[WHAT YOU ARE ASKED TO DO]:
A word-for-word copy of the entries is the goal; leave out the pictures.

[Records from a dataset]
•••

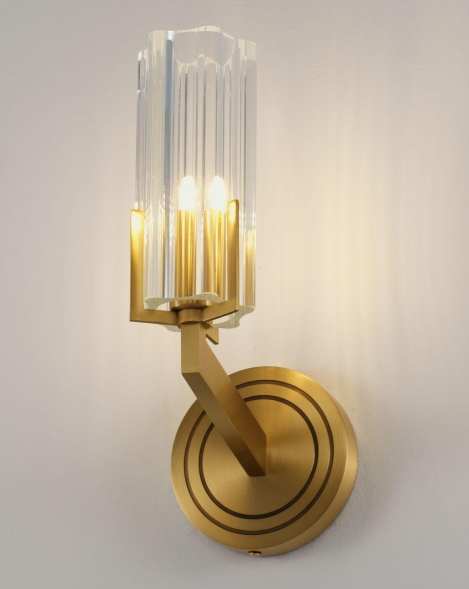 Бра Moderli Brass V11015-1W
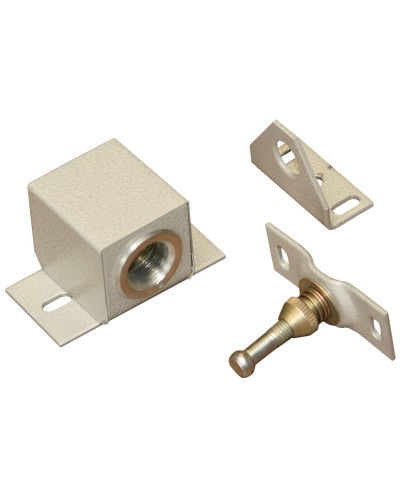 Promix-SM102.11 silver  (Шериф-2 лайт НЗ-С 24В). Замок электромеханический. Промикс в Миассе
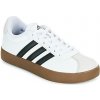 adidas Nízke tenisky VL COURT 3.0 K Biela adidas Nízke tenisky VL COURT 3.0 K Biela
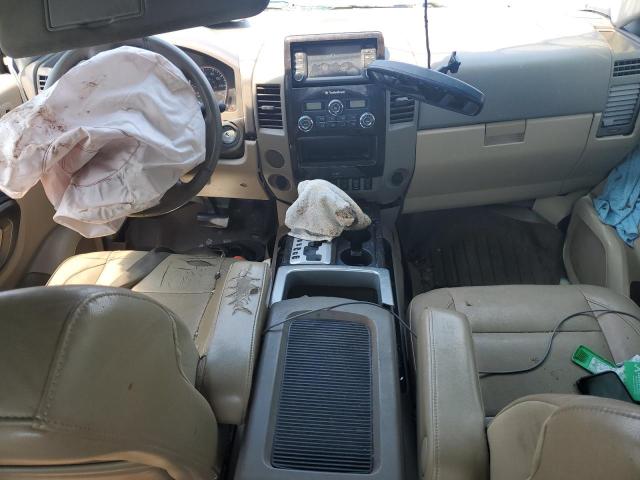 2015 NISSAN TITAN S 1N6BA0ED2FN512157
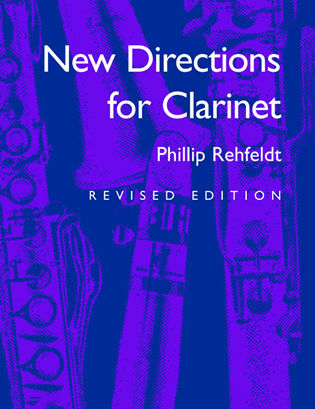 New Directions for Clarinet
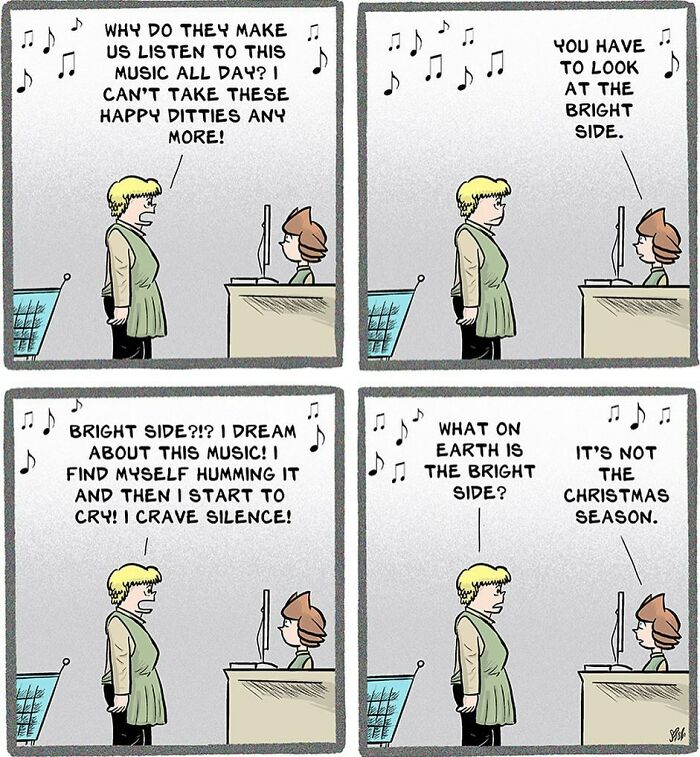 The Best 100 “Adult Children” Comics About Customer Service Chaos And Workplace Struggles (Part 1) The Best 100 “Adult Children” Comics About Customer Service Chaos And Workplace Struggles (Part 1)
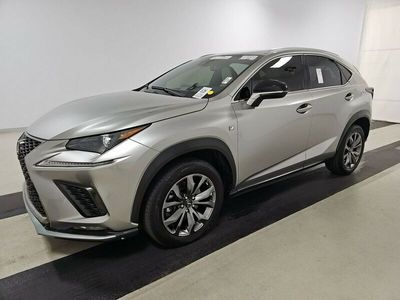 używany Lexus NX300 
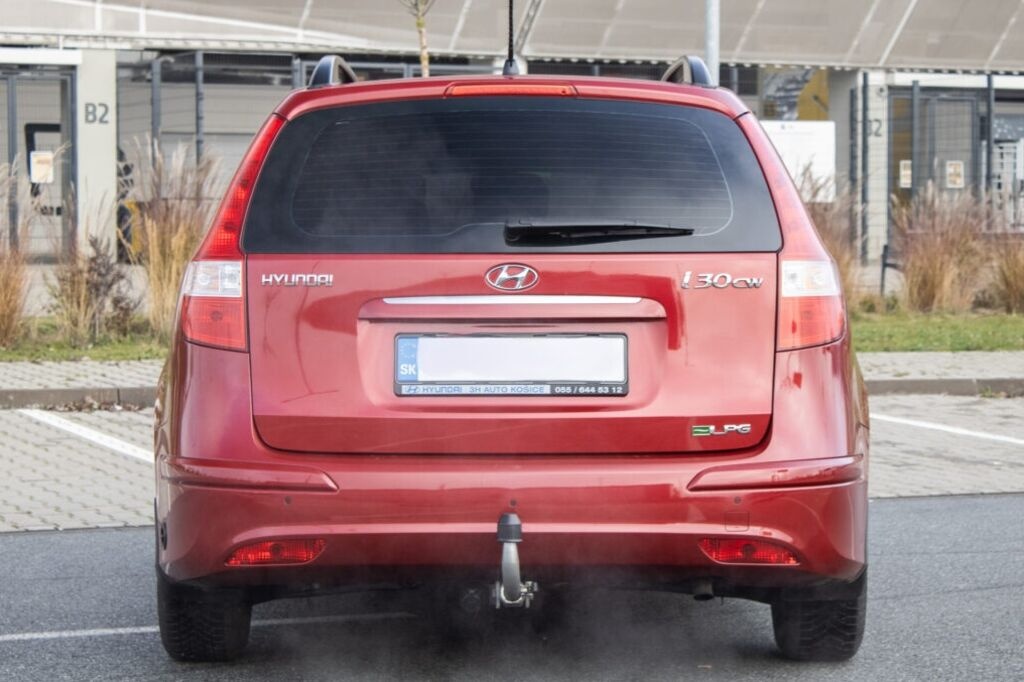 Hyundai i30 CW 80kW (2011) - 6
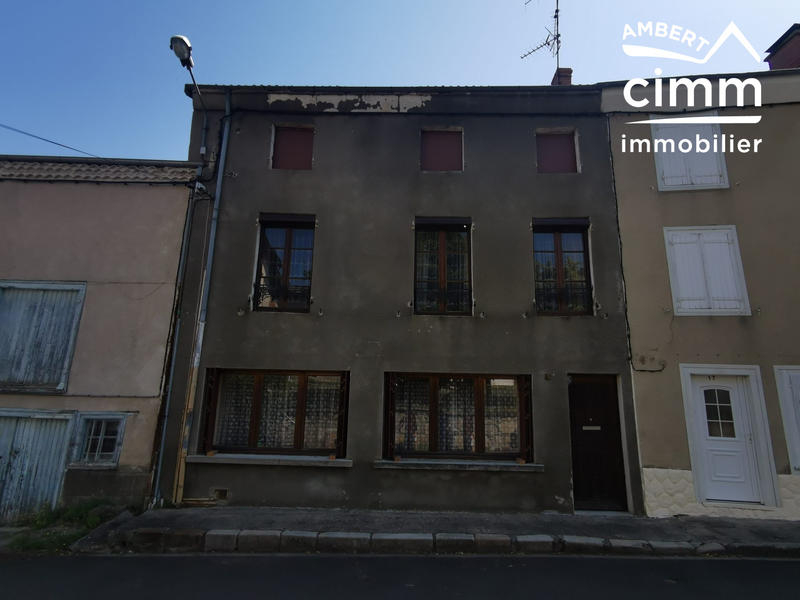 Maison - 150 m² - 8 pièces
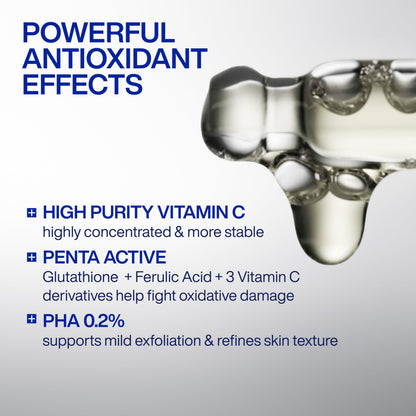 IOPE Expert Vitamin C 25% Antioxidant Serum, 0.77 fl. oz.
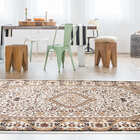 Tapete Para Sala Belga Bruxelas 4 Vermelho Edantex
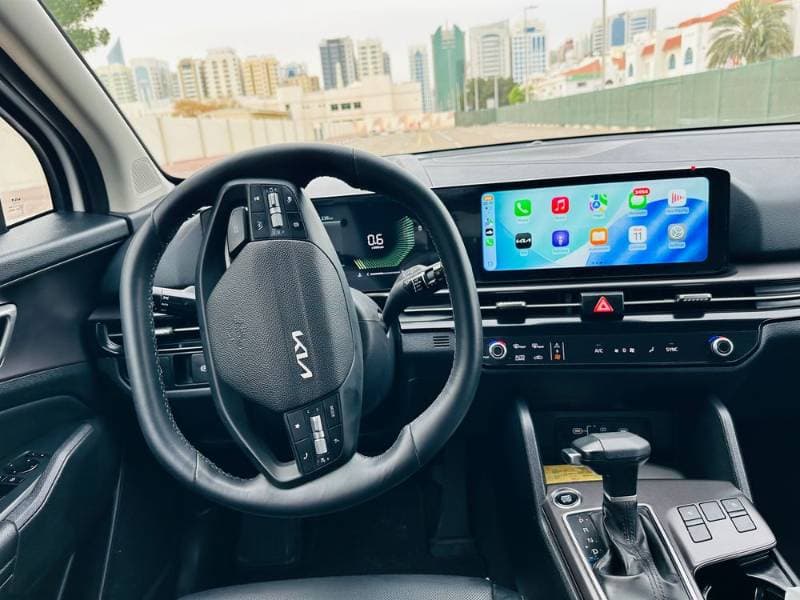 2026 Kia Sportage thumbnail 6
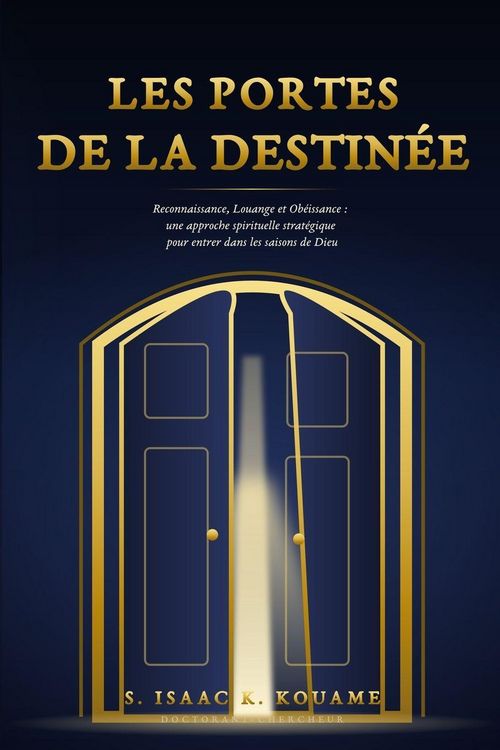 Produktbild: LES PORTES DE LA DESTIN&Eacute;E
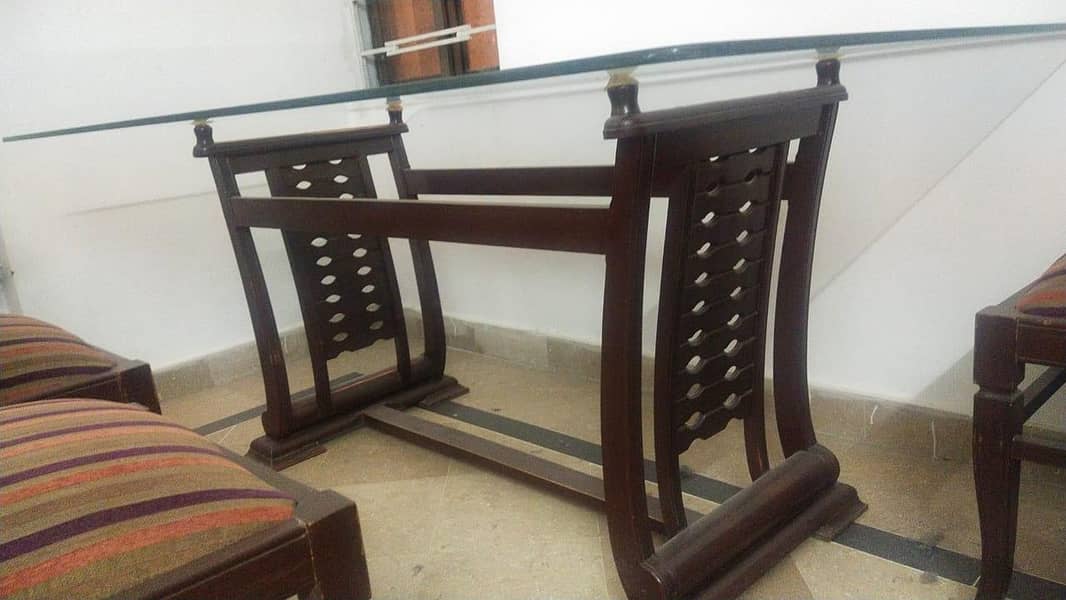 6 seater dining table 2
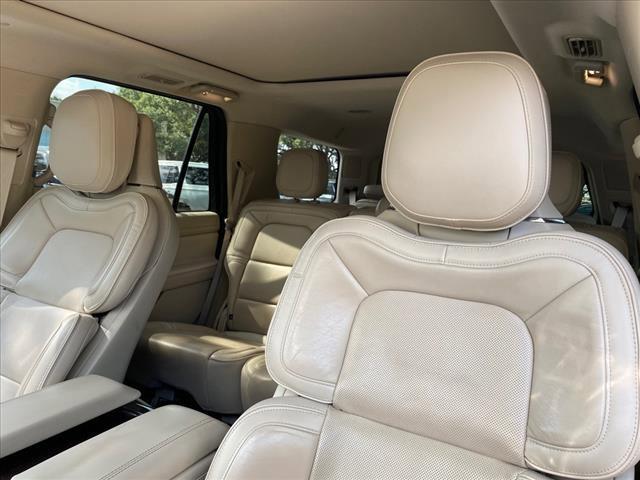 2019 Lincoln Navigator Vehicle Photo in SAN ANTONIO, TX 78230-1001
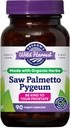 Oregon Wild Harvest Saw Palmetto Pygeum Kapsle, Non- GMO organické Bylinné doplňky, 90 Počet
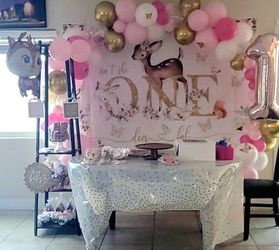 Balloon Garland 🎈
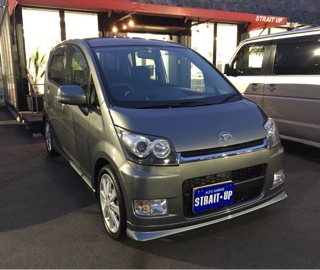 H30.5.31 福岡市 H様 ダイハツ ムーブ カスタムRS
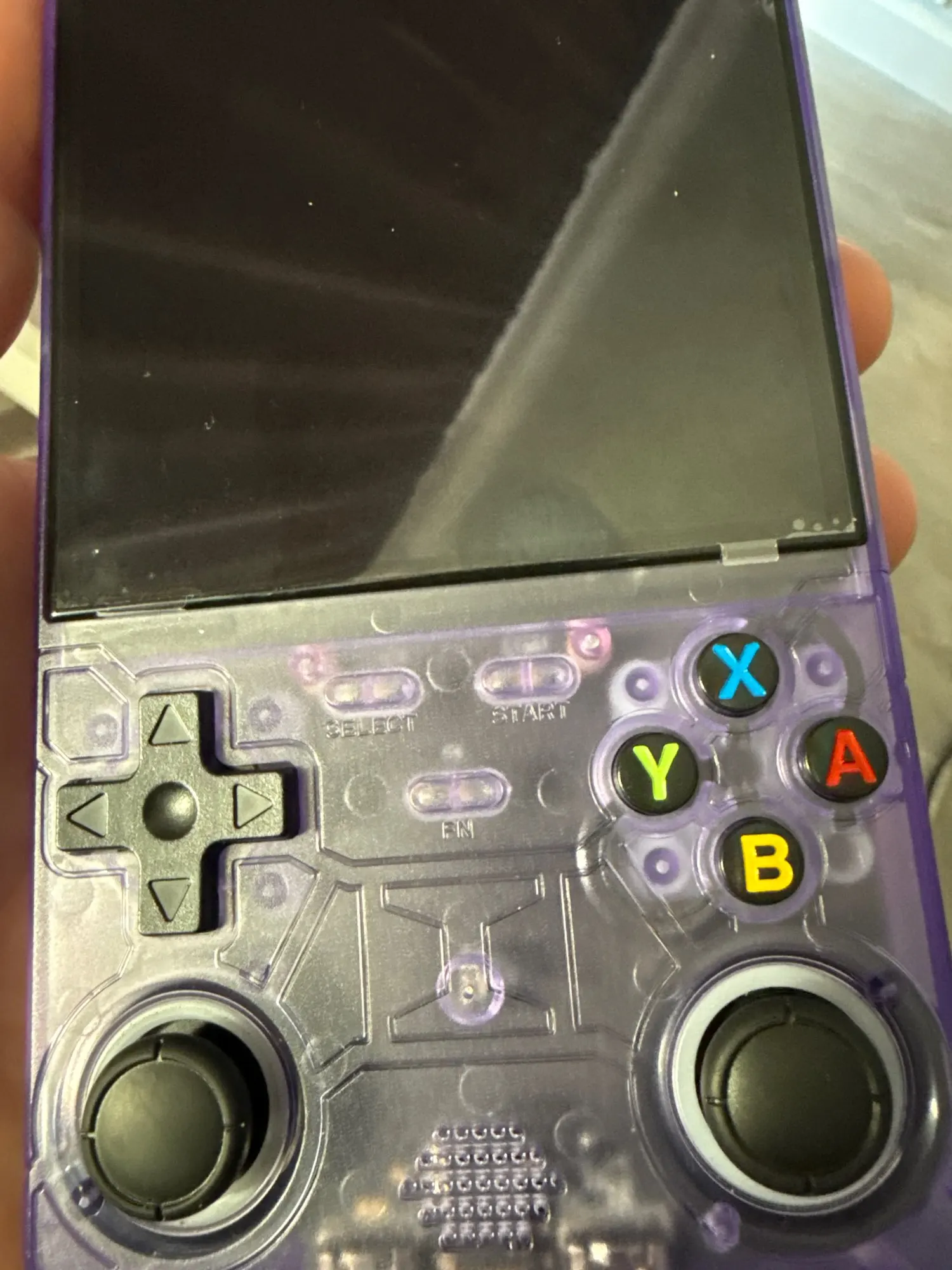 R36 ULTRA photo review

•••

[RESPONSE TO THE TASK]:
 Бра Moderli Brass V11015-1W
 Promix-SM102.11 silver  (Шериф-2 лайт НЗ-С 24В). Замок электромеханический. Промикс в Миассе
 adidas Nízke tenisky VL COURT 3.0 K Biela adidas Nízke tenisky VL COURT 3.0 K Biela
 2015 NISSAN TITAN S 1N6BA0ED2FN512157
 New Directions for Clarinet
 The Best 100 “Adult Children” Comics About Customer Service Chaos And Workplace Struggles (Part 1) The Best 100 “Adult Children” Comics About Customer Service Chaos And Workplace Struggles (Part 1)
 używany Lexus NX300 
 Hyundai i30 CW 80kW (2011) - 6
 Maison - 150 m² - 8 pièces
 IOPE Expert Vitamin C 25% Antioxidant Serum, 0.77 fl. oz.
 Tapete Para Sala Belga Bruxelas 4 Vermelho Edantex
 2026 Kia Sportage thumbnail 6
 Produktbild: LES PORTES DE LA DESTIN&Eacute;E
 6 seater dining table 2
 2019 Lincoln Navigator Vehicle Photo in SAN ANTONIO, TX 78230-1001
 Oregon Wild Harvest Saw Palmetto Pygeum Kapsle, Non- GMO organické Bylinné doplňky, 90 Počet
 Balloon Garland 🎈
 H30.5.31 福岡市 H様 ダイハツ ムーブ カスタムRS
 R36 ULTRA photo review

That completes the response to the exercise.